イギリスのAIIB参加は、ロンドンの金融街・シティをヨーロッパにおける人民元取引の中心的な市場にしたいとの強い思いを感じる。昨年9月、イギリスは先進国で初めて人民元建ての国債を発行すると発表している。本腰を入れて人民元の取り込みを図っていることの表れだろう。
進まぬIMF改革に新興国の不満が高まっている (BLOOMBERG/GETTYIMAGES)
また、イギリスは、かつてキャメロン首相がダライ・ラマ14世と面会したため、他のヨーロッパの国に比べて、中国との関係構築に出遅れているという思いをもっている。ドイツのメルケル首相などは、中国と非常に良好な関係を築いている。放っておけば、実需を通じてフランクフルトにシティの座を奪われるのでは、という危機感もあるのだろう。

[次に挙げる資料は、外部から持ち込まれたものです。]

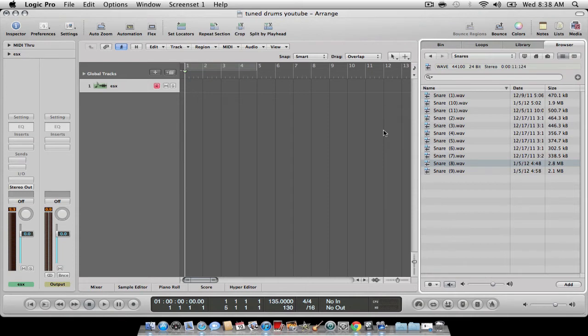Yo, what's up YouTube? Dante Lewis here and today I'm going to show you guys how to tune drums in the ESX-24.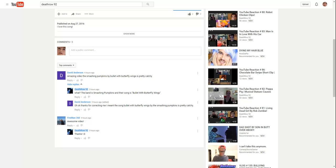Fireman 360: Awesome video. Death Row 92: Thanks. Colin D.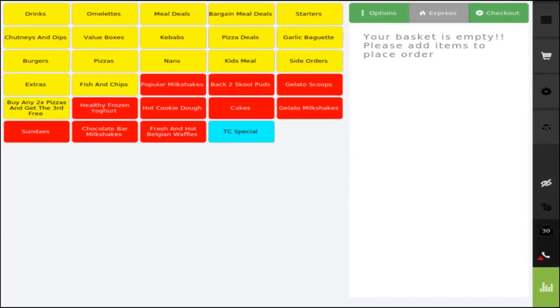Hello, this is a quick training video on how to place an order, edit an order, hide an order, and check your Z reports. So quickly, how to place an order.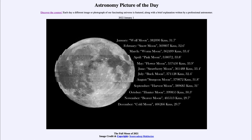We'll be back again tomorrow for the next picture, previewed to be bright moon halos, so we'll see what that's about tomorrow. Until then, have a great day everyone, and I will see you in class.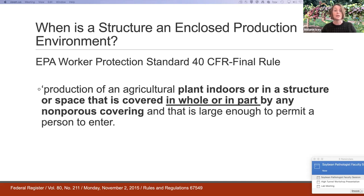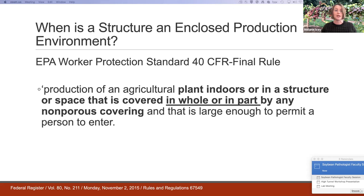The enclosed production environment definition applies to high tunnels even when sides are rolled up, because the standard says 'in whole or in part.' Similarly, if screens are placed on a portion of the tunnel, it is still considered an enclosed production environment. You must pay attention to this definition when selecting a pesticide allowed for use within the high tunnel.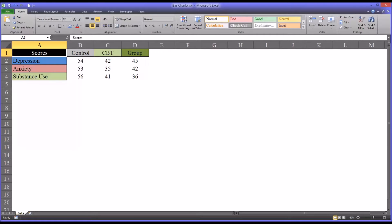Hello, this is Dr. Grande. Welcome to my video on creating a bar chart in Microsoft Excel.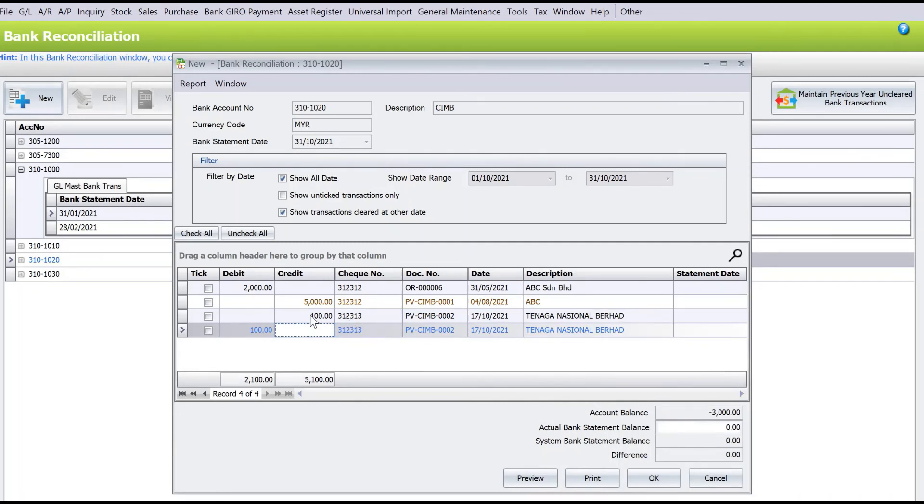That's how you can void payments in AutoCount. Do let us know if you'd like us to cover a particular topic. Thanks!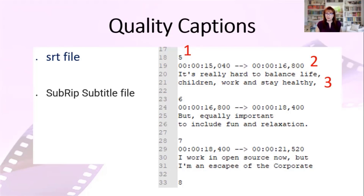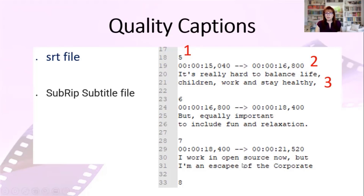When you rely upon auto-generated captions, you are not providing an accessible video. Some people say it's better than nothing, and I tend to disagree strongly. I was watching a video with a friend about a week ago, and I kept stopping it to explain what was going on because the automatic captions were so poor there was no way for her to follow without my giving additional explanation. We both gave up because it wasn't fun for her not to be able to read it on her own. Quality captions are what you want to aim for. Automatic captions are a start, not a finish — my recommendation is to edit them and make them quality captions.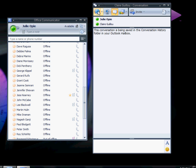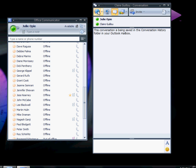To add audio to the conversation, click on the Call button to add audio. The participant clicks to accept the call.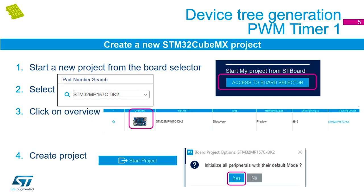Now we want to create a brand new project using the CubeMX tool. We're going to select a board so that we get our discovery board to appear, and we're going to create a project with all peripherals initialized in their default mode. This is important because our base demo needs all those peripherals set up in default modes so that the current device tree will match with the new timer we're going to add.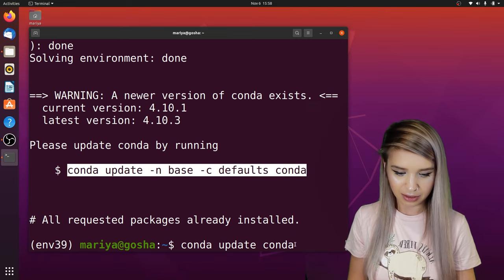Another huge benefit of Anaconda is that it comes with a code editor called Jupyter Notebook. We can install it by typing 'conda install -c anaconda jupyter', and then open it by typing 'jupyter notebook'. As you can see, we are running this notebook locally — this is our computer and our file system.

中国の経済力の魅力が、世界中で抗しがたいものになっている。中国の掲げる「一帯一路」構想は、ヨーロッパ市場と中国市場を近付けるものだ。ヨーロッパ各国にとっては、日本と異なりAIIB加盟は経済的なメリットがあると言える。いずれにせよ、存在感を増した中国の動きがAIIB設立だけにとどまる保証はどこにもない。